GARUT – SDIT Alam Garut (SAGa) kembali mencetak generasi Qur’ani melalui Wisuda Tahfidz Juz 29 dan 30 yang digelar di Masjid Al-Khoir, lingkungan sekolah di Jl. Gordah No. 21, Jayawaras, Kecamatan Tarogong Kidul, Kabupaten Garut, Selasa (10/3/2026). Kegiatan ini menjadi penutup rangkaian program Gema Ramadan tahun ini.
Sebanyak 21 siswa mengikuti wisuda tahfidz, terdiri dari 19 siswa penghafal juz 30 dan 2 siswa penghafal juz 29. Para siswa tersebut telah melalui proses pembinaan dan seleksi dalam program tahfidz Al-Qur’an di sekolah.
Acara dibuka oleh Pengawas Bina, Ida Siti Farida, M.Pd., dan dihadiri Kepala SDIT Alam Garut, Hj.

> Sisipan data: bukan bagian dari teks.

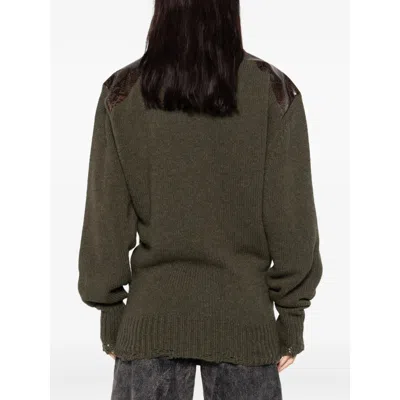 Stella Mccartney Panelled Frayed-hem Sweater In Green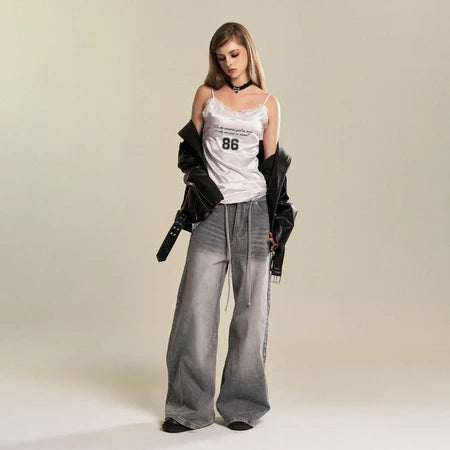 WHOSE STUDIO LIGHT SMOKE LOOSE PLEAT ROPE DETAIL DENIM JEANS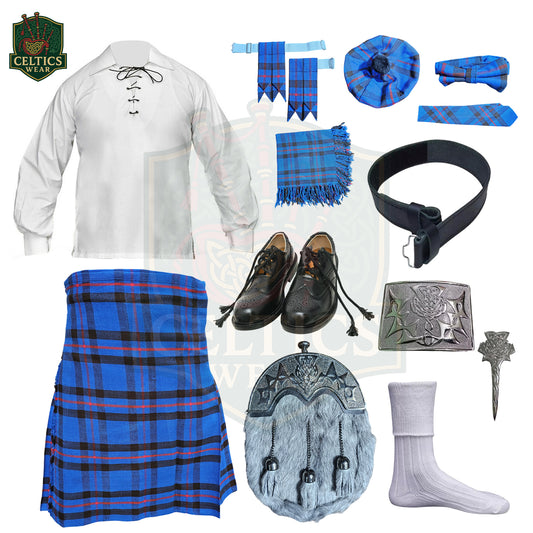 Elliot Modern Tartan Full Highland Dress Set – 9-Piece Traditional Scottish Outfit for Men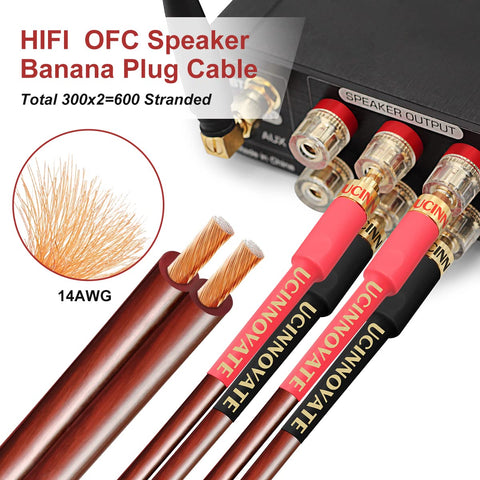 Speaker Wire Cable with Banana Plug, 2 Pack High-end Pure Copper 1.5m Gold-Plated Banana Tip Plugs Male to Male 600 Strand Speaker Cable Audio HIFI System 4.9FT
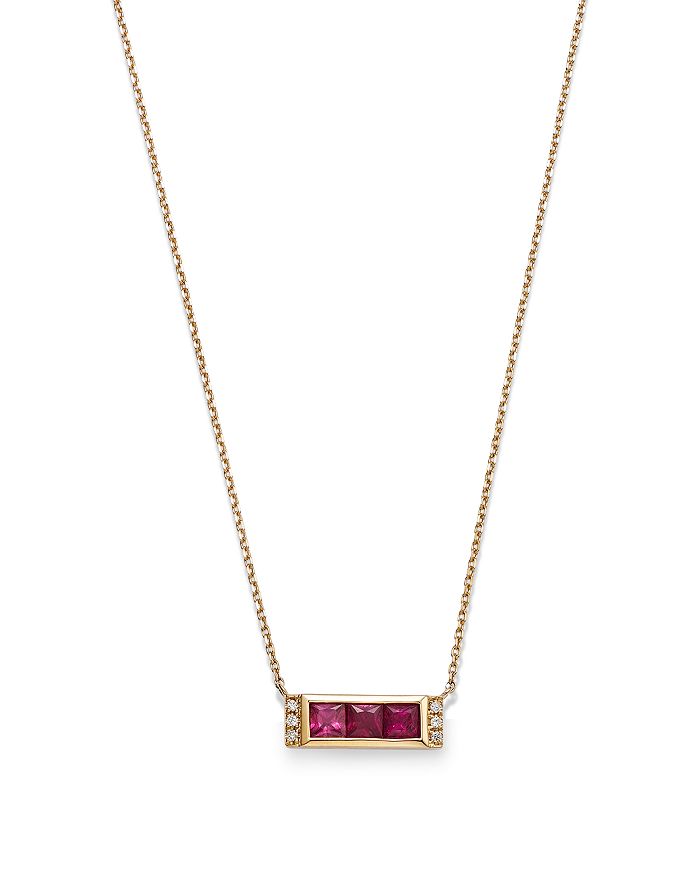 Bloomingdale's Ruby & Diamond Accent Bar Necklace in 14K Yellow Gold ...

Maharani Purnamasari, SE., S.Pd., dewan guru, orang tua siswa, serta seluruh siswa SAGa.
Kepala SDIT Alam Garut, Hj. Maharani Purnamasari, menyampaikan bahwa wisuda tahfidz merupakan bagian dari rangkaian Gema Ramadan, program tahunan yang bertujuan menumbuhkan kecintaan siswa terhadap Al-Qur’an sekaligus menanamkan kepedulian sosial.
“Rangkaian Gema Ramadan diawali tarhib Ramadan, dilanjutkan Pesantren Ramadan yang diperkuat melalui halaqah Al-Qur’an, baik tahfidz maupun tahsin. Selain itu ada program SAGa Peduli berupa pengumpulan sedekah dan infak dari orang tua yang disalurkan kepada masyarakat dan staf sekolah,” ujarnya.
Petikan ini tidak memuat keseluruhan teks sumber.